Paula Doepfner (born in Berlin - July 1980) is a contemporary artist. Her work includes text-based drawings, performances, and objects made of ice, organic matter, and damaged armored glass. She lives and works in Berlin.

==Life==

Paula Doepfner studied fine arts from 2002 to 2008, at the Universität der Künste Berlin and at the Chelsea College of Arts, University of the Arts London. She studied under Roger Ackling in London and graduated from the masterclass Rebecca Horn in Berlin.

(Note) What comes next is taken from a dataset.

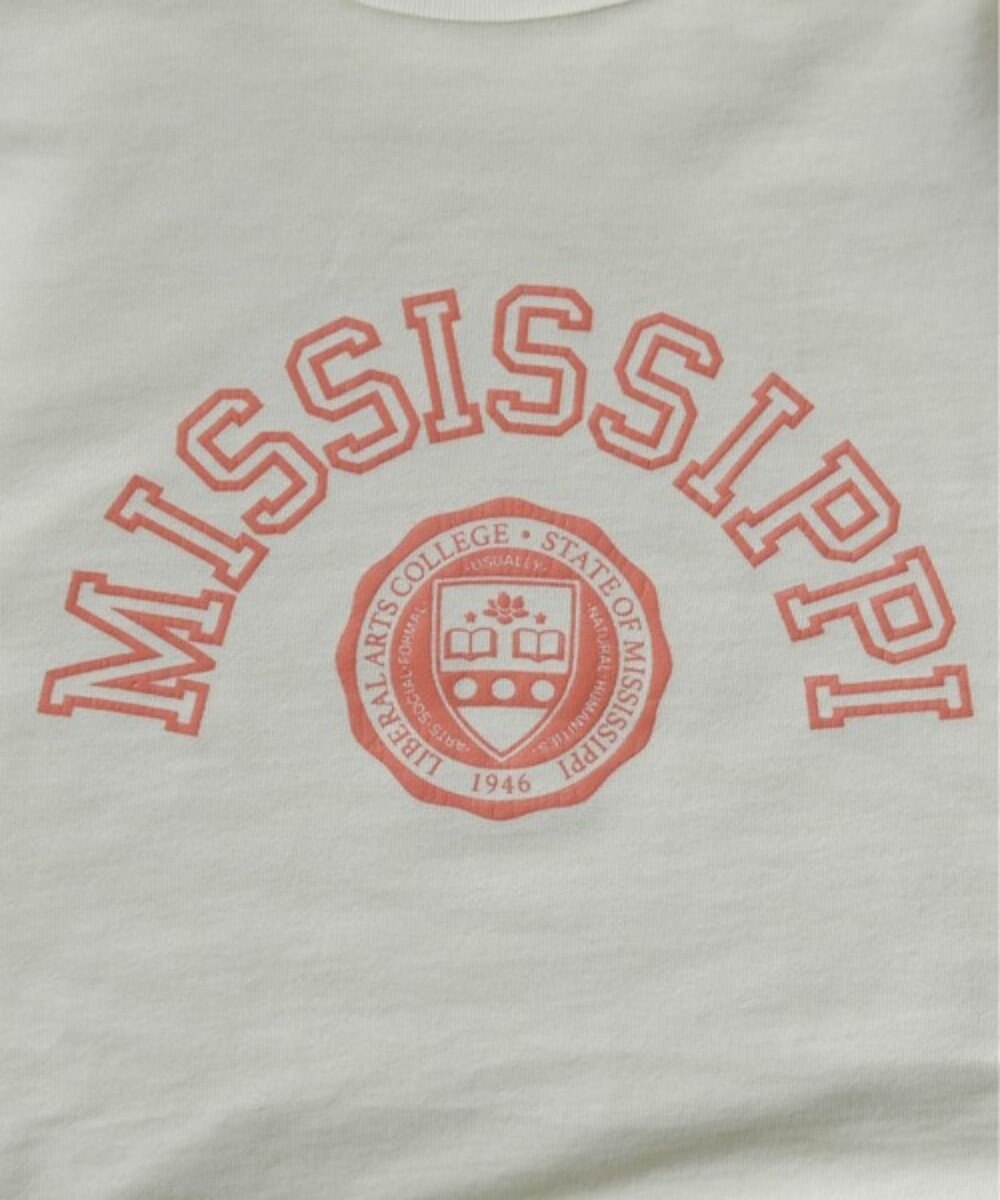 WEGO 【ANGIE VINTAGE】ピグメントカレッジロゴショートスウェット 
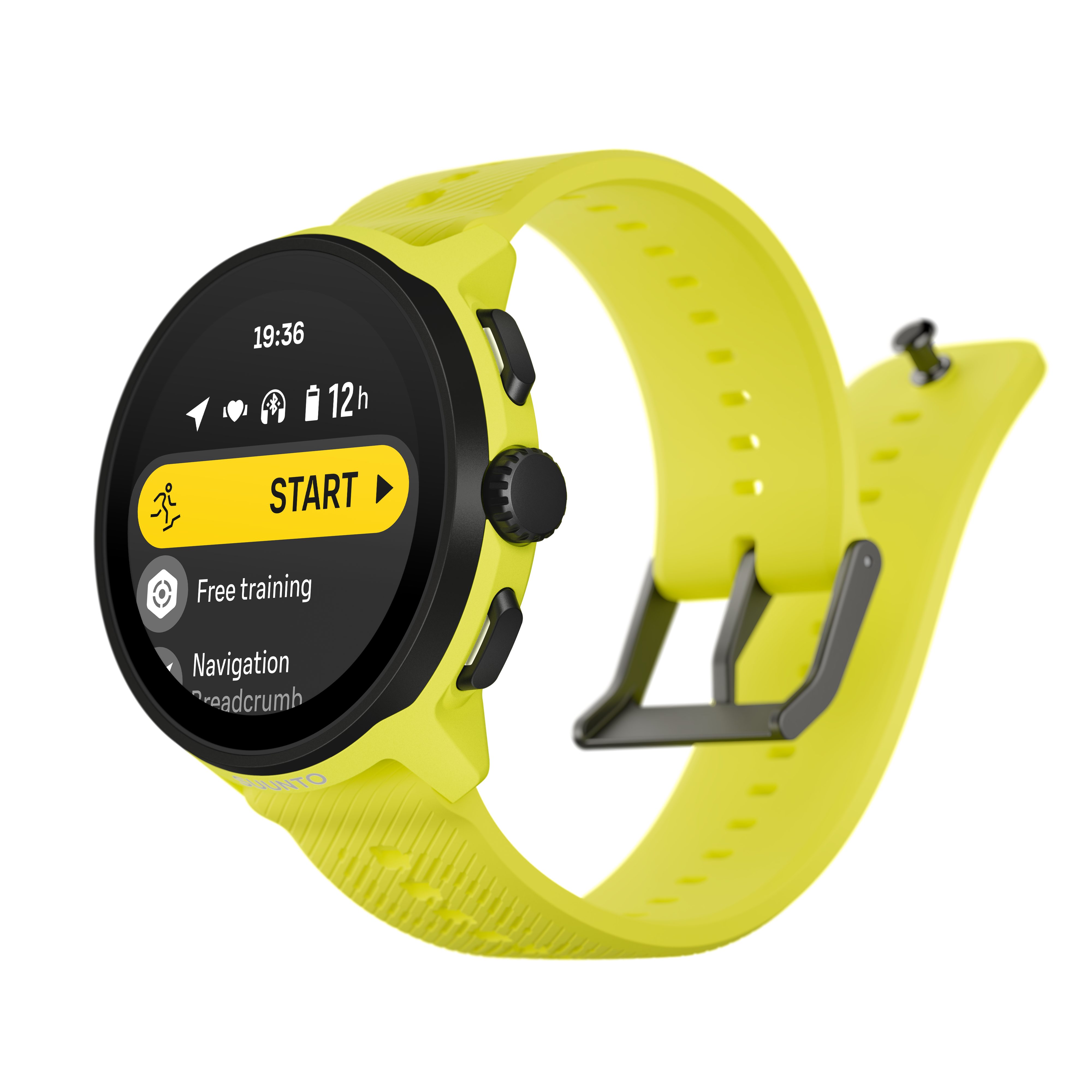 Suunto RUN Leichte Sportuhr speziell für Läufer Fitnessuhr (3,35 cm), Aktivitätsaufzeichnung, Herzfrequenz, Schlaftracking, MP3-Speicher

She has received numerous prizes and stipends, among others the Hans Platschek prize (2024), the Krull foundation work stipend (2023), the Konrad Adenauer Foundation EHF stipend (2021/22), the work stipend of the Albert Koechlin foundation, Lucerne (2010), and the Else Neumann stipend from the City of Berlin (2008).

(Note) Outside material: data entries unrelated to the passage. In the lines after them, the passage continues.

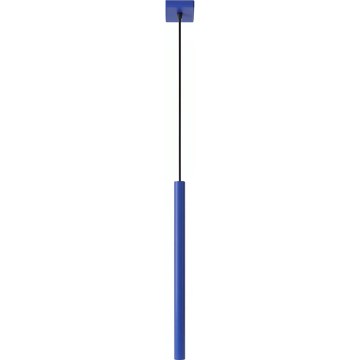 Lustre com cabo PASTELO 1xG9/8W/230V azul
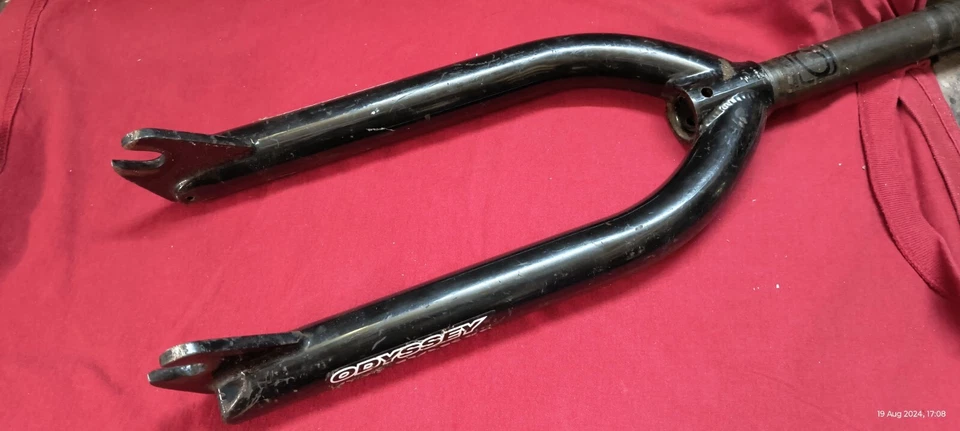 Odyssey GI BMX Forks Black Mid School Dirt Jump Freestyle Stunt S&M Haro Hoffman - Image 2 of 4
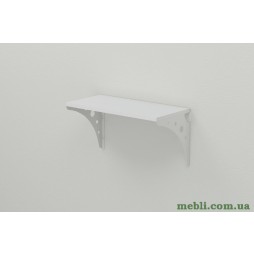 Полиця настінна Ferrum-decor Ханді 2 240x600x240 метал Білий ДСП Білий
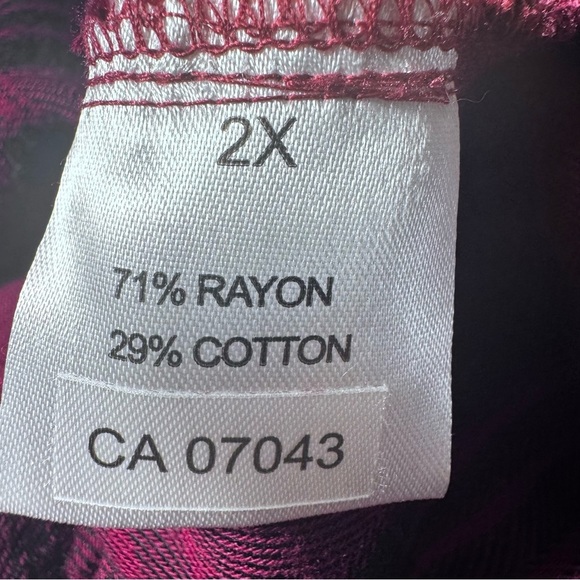 Jane and Delancey Red & Black Plaid Button Down Shirt - Picture 9 of 10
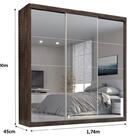 Guarda Roupa Casal Paris  2gav C/esp Nas 3pts Correr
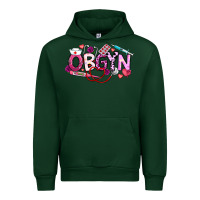 Forest Green Valentine OBGYN Urban Hoodie - CowhideDigitalArt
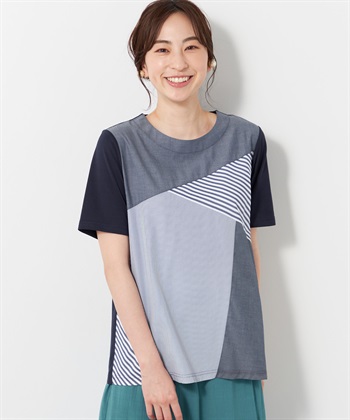 DECOY パッチワークTシャツ_variationthumb_2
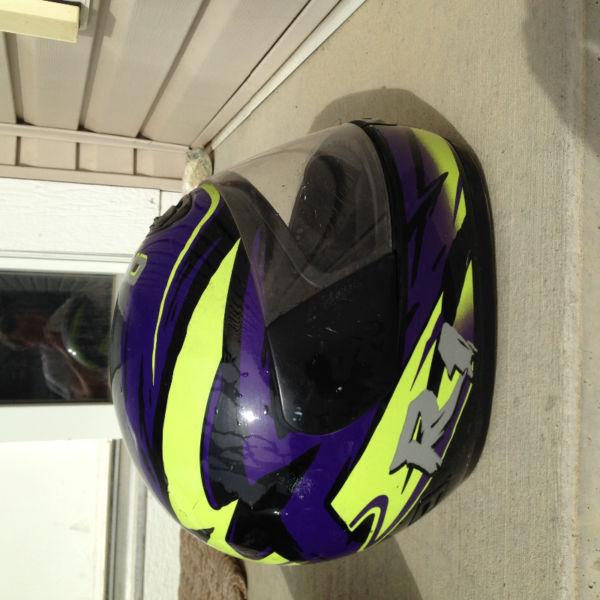 Used snowmobile helmet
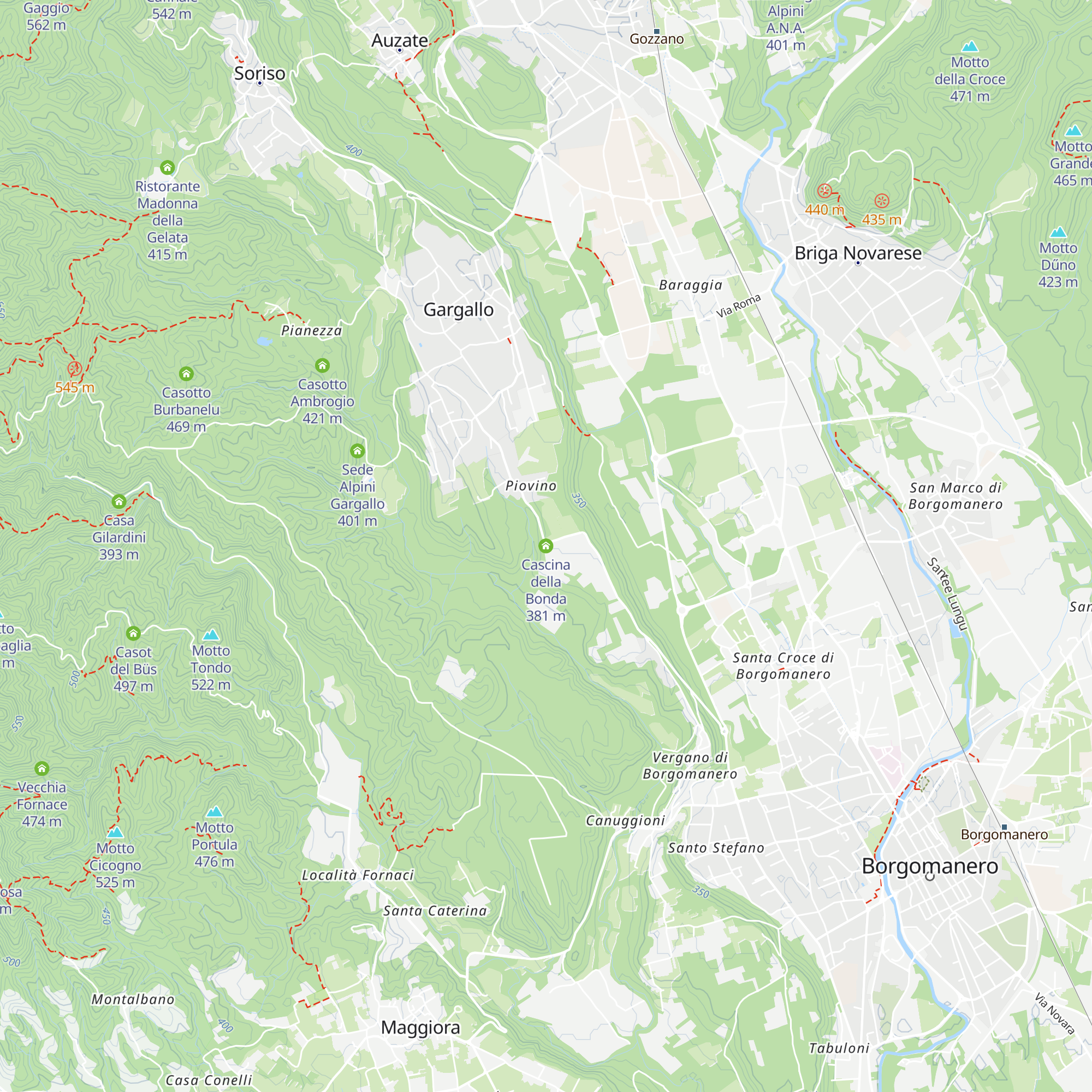 Cascina della Bonda map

Doepfner's work has been exhibited nationally and internationally, with institutional solo exhibitions at the Kupferstich-Kabinett Dresden (2023), the Akademie der Konrad-Adenauer-Stiftung (2022), and the Goethe-Institut, Washington, D.C. (2015). She has participated in group exhibitions at institutions including the Museum of Fine Arts Budapest (2025), Museum Würth 2 (2025), and the Berliner Medizinhistorisches Museum at the Charité (2023). Her works are held in public and private collections such as the Kupferstichkabinett Berlin, the Museum of Fine Arts Budapest, the Deutsche Nationalbibliothek Leipzig, and the Staatliche Kunstsammlungen Dresden.

==Work==

Paula Doepfner's artistic practice comprises drawings, performances, and objects made of ice, glass, and organic matter. The content of her work is drawn from literary texts and documents relating to human rights abuses and the Holocaust. Her drawings consist of minute script on transparent paper; she writes lines of text in tiny letters (ø = 1 mm) to form textual images. The drawings are based on sketches she makes while observing autopsies and brain surgery at the Charité University Hospital Berlin. The strings of text in her drawings are taken from the Istanbul Protocol, a UN handbook on the investigation and documentation of torture and other cruel, inhumane, or degrading treatment, and from documentary material on the children of Auschwitz. Paula Doepfner combines these documentary texts with literary works by the likes of Anne Carson, Paul Celan, Joyce Mansour and Robert Musil.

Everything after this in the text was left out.